【 「疑心暗鬼」が渦巻く近所付き合い 】
この頃には、戦争に使う弾薬などを作る為に、家庭内の金属類までもが没収されました。
その時の状況を「振り返り」、先ほどの久保さんが話しています、、、
久保さん:
『 厳しかったよ、もうお互いがお互いを見ててん。 「あそこ(の家には)もっと(鍋などが)あったはずや」言われる時あるもん。 隣同士だったら分かるもん。 「あそこ隠してはるで」それが嫌で皆出しとったわ。
結局、お互いがお互いを(足の)引っ張り合ってやってたんちゃう。 なってしまうのよ、どうしてもね。 村八分になったら食べていかれへんもんね。 』

そして、同じく旧 松尾村の国防婦人会でも、状況は更に「逼迫悪化」の一途を辿っていました。
母親が活動をしていた娘の話:(後藤繁子さん:92歳)
『 (母は)口を封じられた訳じゃなくて、そういう余分な事(戦争への不平や不満など)を言うと、大変な事になるんじゃない。 へらへらしていれば丸く収まるやつを、反対したりすれば自分の心にはいいんだけど、やっぱりそれは、この今の世の世情に従わなければしょうがない。 』
【 太平洋戦争で愚の骨頂に至る 】
1941年、太平洋戦争が開戦します。
この時、国防婦人会は他の女性団体と統合され、約2、000万人が所属する大日本婦人会へ「変貌」を遂げます。
そして、
国は女性達に、兵士となり得る男子を「産み増やせ」の役割(価値観など)を・・・
より強く押し付け始める・・・
という「負のスパイラル」に陥りました。

息子はいないが、活動に参加していた母親の娘:(梅本多鶴子さん:87歳)
『 (婦人会の集まりで)「あんたの所は戦争にも行っとらんのやから、偉そうなこと言うたらあかんよ」という風な口ぶりで(母が)言われたらしいです。 戦争にいったうち(お家)は「うちは偉いもんや」という気持ちがありますね。 「子どもとか主人とか、命を捧げに行っているから、うちは大したもんや」という。 だけど行かない方は、それを言われると、もう一番辛いですわね。

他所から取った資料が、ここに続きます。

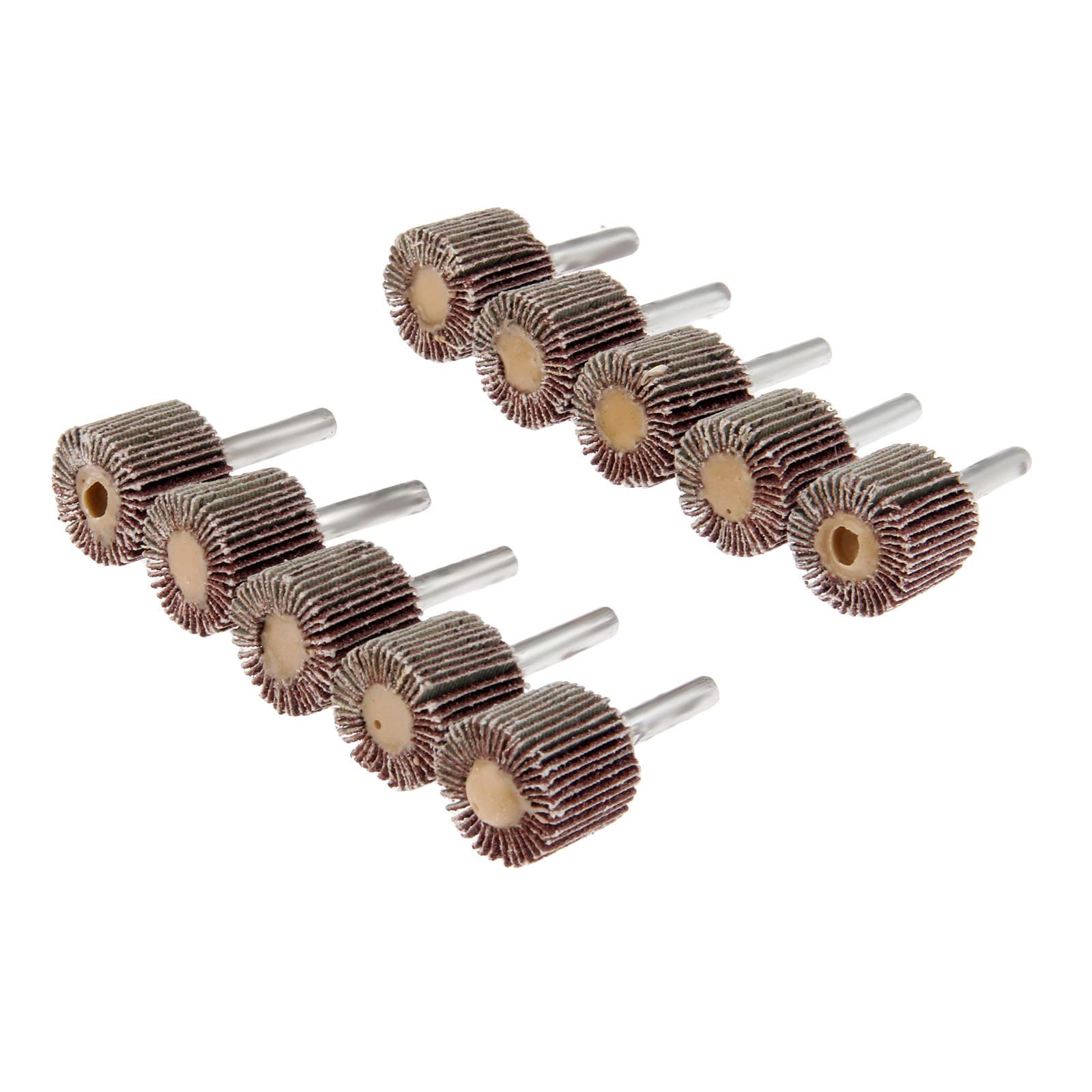 Szlifierka listkowa, 10 szt. 25 mm szlifowanie polerowanie szlifowanie papier ścierny wiertarka listkowa głowica koła + trzpień 6 mm do narzędzia obrotowego 80-Grit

女としてね、親として、戦争に一人でも出していたら一人前や。 だけど女の子で、戦争に誰も出さなかったら半人前以下。
戦争ですよ、やっぱり。 心の戦争やったと思います。 』
【 人間が「物や数字」に置き換わる 】
戦局は悪化の一途を辿り、特に若い男性はドンドン戦地に送られました。
更に、旧 松尾村では、
徴兵年齢に「満たない」子ども達も対象にされ・・・
《 ノルマ 》のように人数を割り当てられた・・・
という実態がありました。
故に、婦人会の女性達は、家々を個別に訪問し、戦争に参加する兵士を募(つの)りました。

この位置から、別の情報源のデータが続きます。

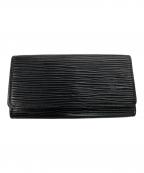 LOUIS VUITTONルイ ヴィトン）の古着「キーケース」｜ブラック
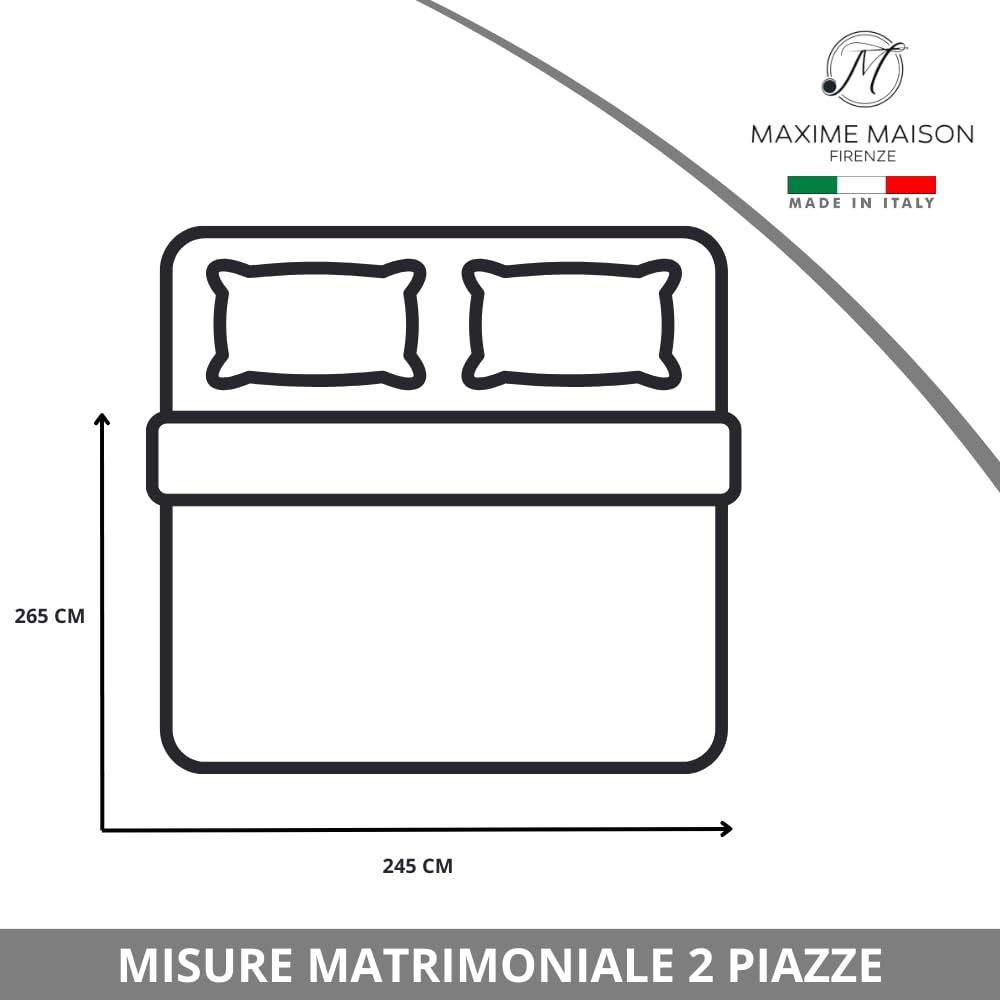 MAXIME MAISON Firenze Trapuntino Primavera Estate Double-Face in Morbida Microfibra Imbottitura 100 gr/mq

それに関し、先ほどの後藤さんが、次の事を話しています、、、
後藤さん:
『 各家庭に出征する戦士の子どもというか、卵のようなものがいる訳だけど、戦争に行く、そういう人を推薦したり、それから勧めたり、そうやって戦争に加担して、戦争に協力したわけ。 』
そして、会の活動に参加していた母親達にも、「自分の息子達」の戦死の知らせが相次いで届き始めます、、、

それに関し、先ほどの三好さんが、次の事を話しています、、、
三好さん:
『 涙を見せる女性は言うも悲しき、情けない女という事になる。 自分の胸の中に収めておくという、そういう戦争中の女性の思いやわね。 今の世の中では情のない人間に思われるけれど、当時はしっかりとした母親やったって褒められる。 』
そして、日本各地が戦禍に晒され続けていく中、1945年6月に大日本婦人会は解散しました。
しかし、その「理由」が、
女性達も「本土決戦」に備えるようにとの・・・
《 国の命令 》によるもの・・・
でした、、、
そして、この頃には沖縄戦が始まりました。
日本の軍人による、日本人への略奪なども相次ぎました。